#### REQUIRED ACTION:
Repeat the entire listing exactly. Omit all pictures.

#### INFORMATION PROVIDED:
-=-=-=-=-
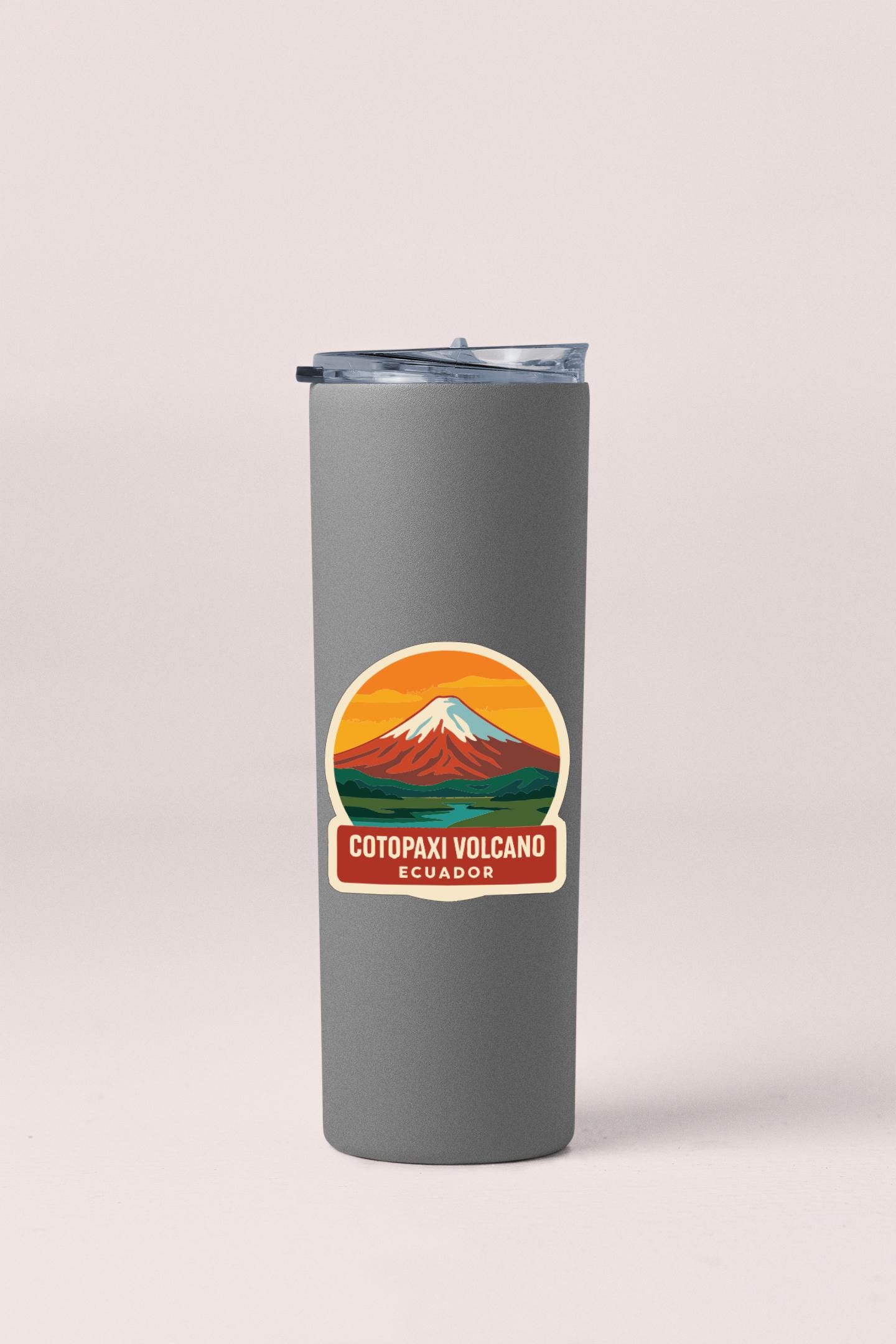 A gray tumbler with a sticker depicting a mountain and the text "COTOPAXI VOLCANO ECUADOR".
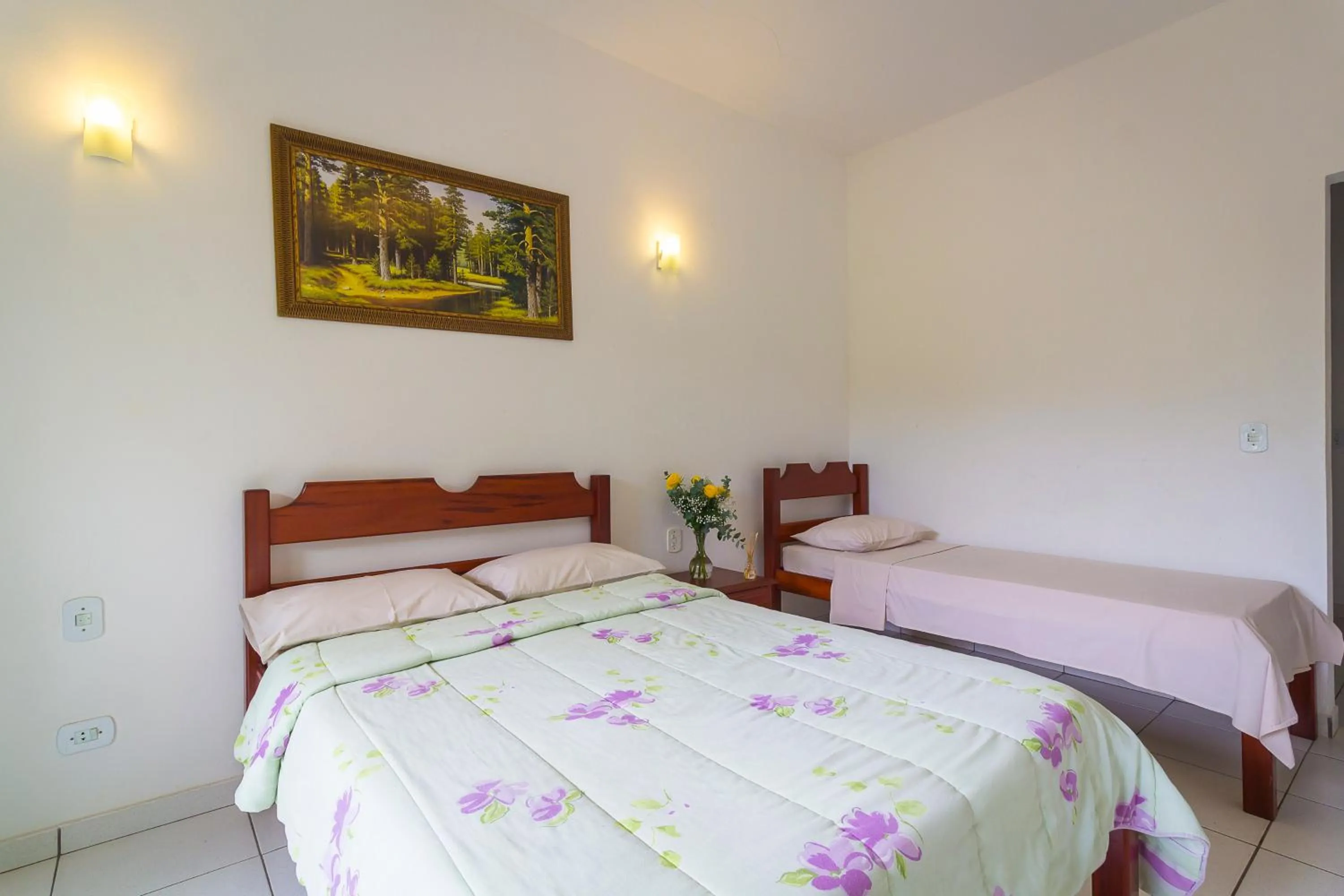 Bed in Pousada Camila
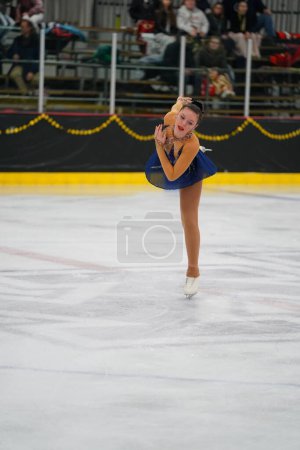 Photo for Mosinee, Wisconsin USA - February 26th, 2021: Adult female in a beautiful blue dress participated in badger state winter games ice skating competition - Royalty Free Image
-=-=-=-=-
#### RESULT OF THIS TASK:
 A gray tumbler with a sticker depicting a mountain and the text "COTOPAXI VOLCANO ECUADOR".
 Bed in Pousada Camila
 Photo for Mosinee, Wisconsin USA - February 26th, 2021: Adult female in a beautiful blue dress participated in badger state winter games ice skating competition - Royalty Free Image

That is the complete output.